- _Supplied entries_

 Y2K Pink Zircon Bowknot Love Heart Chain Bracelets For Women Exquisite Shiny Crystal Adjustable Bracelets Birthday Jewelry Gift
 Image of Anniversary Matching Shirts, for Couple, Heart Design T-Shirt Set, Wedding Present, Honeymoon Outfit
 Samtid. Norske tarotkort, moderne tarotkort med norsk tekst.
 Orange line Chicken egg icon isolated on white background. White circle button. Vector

--

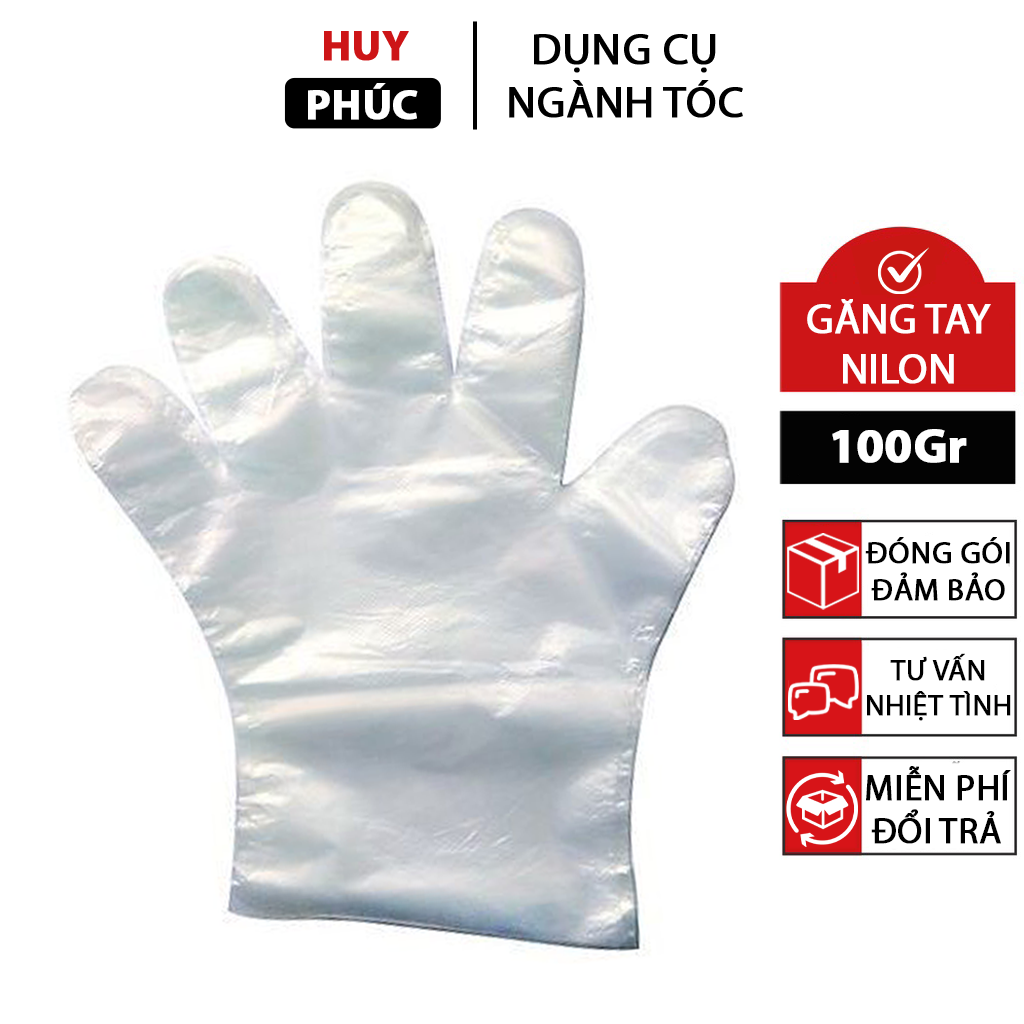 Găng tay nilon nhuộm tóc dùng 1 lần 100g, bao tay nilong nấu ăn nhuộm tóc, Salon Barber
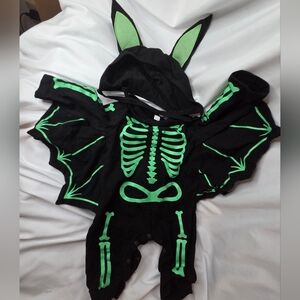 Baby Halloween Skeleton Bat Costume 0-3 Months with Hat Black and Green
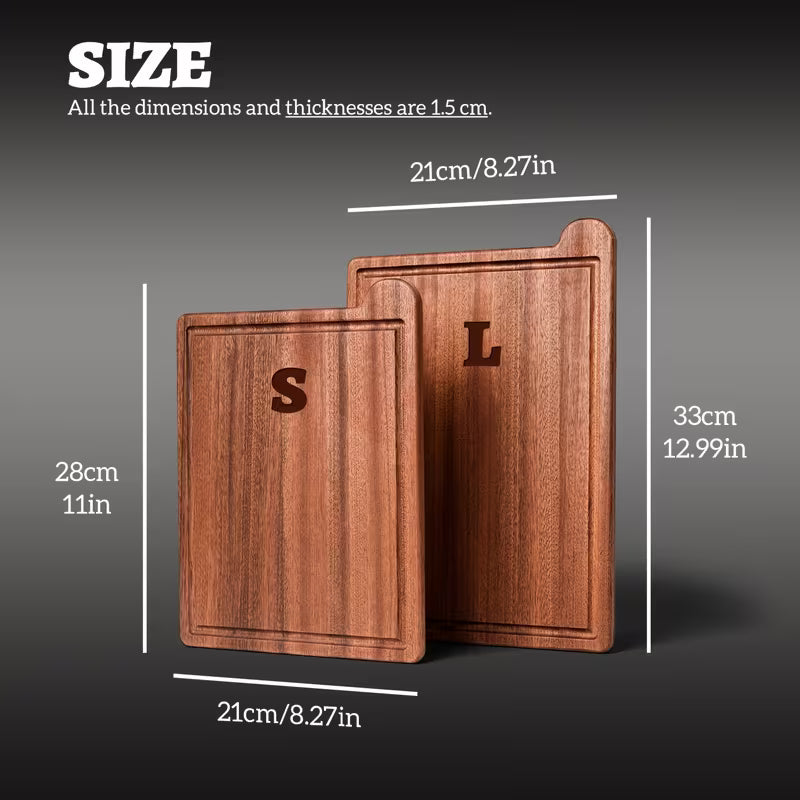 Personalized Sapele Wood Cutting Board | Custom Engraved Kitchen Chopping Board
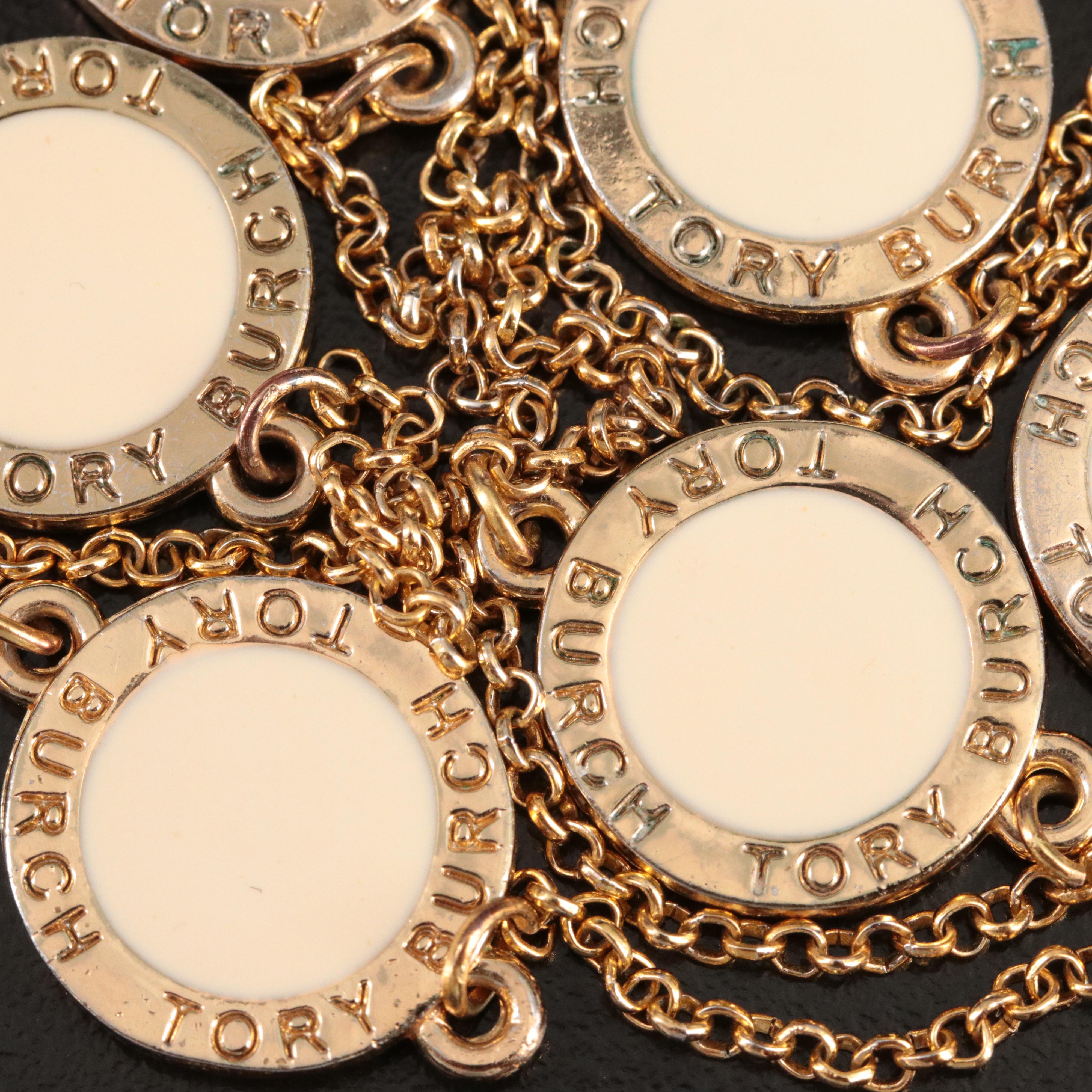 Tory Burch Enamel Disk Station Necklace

- _What you need to do_
Everything from the line with "Baby Halloween Skeleton" down to the line with "Tory Burch Enamel Disk Station Necklace" in the data above should be copied exactly, with both end lines kept and the pictures left out.

- _Result of the exercise_
 Baby Halloween Skeleton Bat Costume 0-3 Months with Hat Black and Green
 Personalized Sapele Wood Cutting Board | Custom Engraved Kitchen Chopping Board
 Tory Burch Enamel Disk Station Necklace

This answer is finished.